◆ **Dataset content**:

________

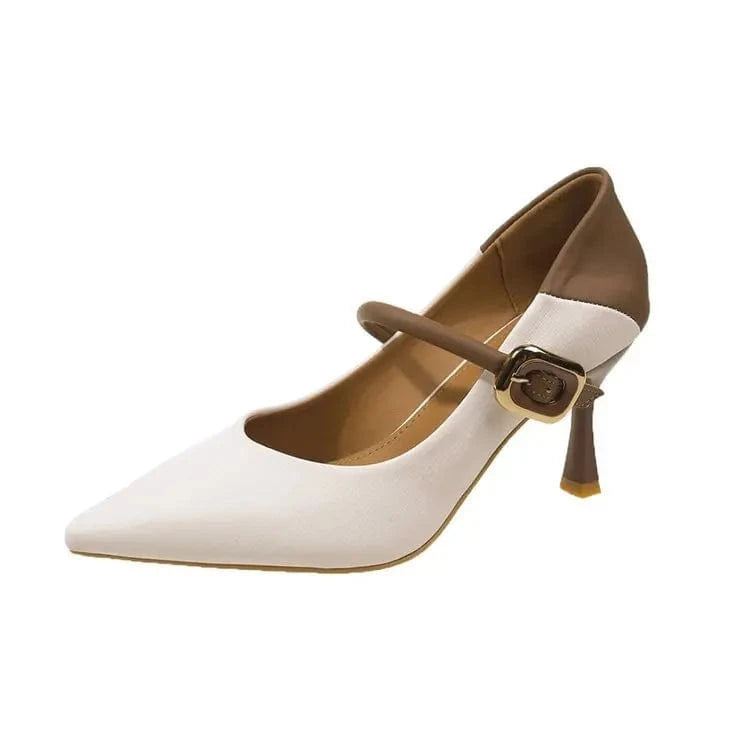 38 / Beige new Europe United States pointed head shallow mouth thin heel single shoes version low heel French Mary Jane women's shoes
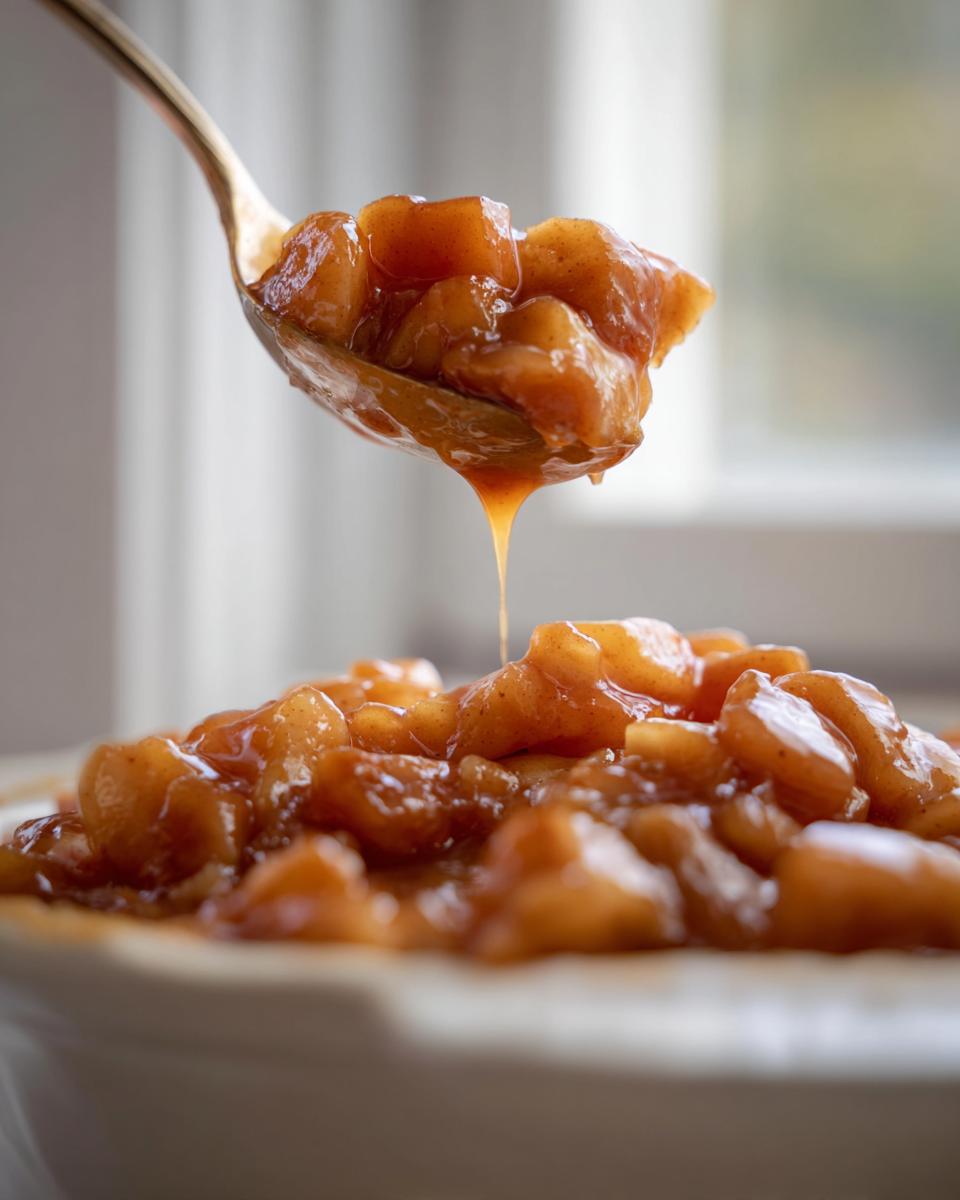 A spoonful of rich, syrupy apple pie filling recipe being lifted above a bowl of the cooked apples.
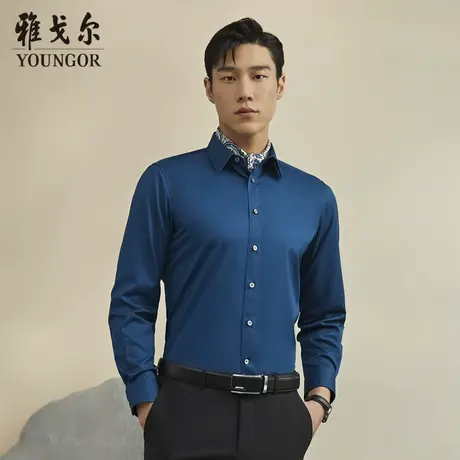雅戈尔奥莱 男装中青年长袖衬衫高纱支商务衬衣商品大图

________

Leaving out the pictures, reproduce the whole listing above exactly.

 38 / Beige new Europe United States pointed head shallow mouth thin heel single shoes version low heel French Mary Jane women's shoes
 A spoonful of rich, syrupy apple pie filling recipe being lifted above a bowl of the cooked apples.
雅戈尔奥莱 男装中青年长袖衬衫高纱支商务衬衣商品大图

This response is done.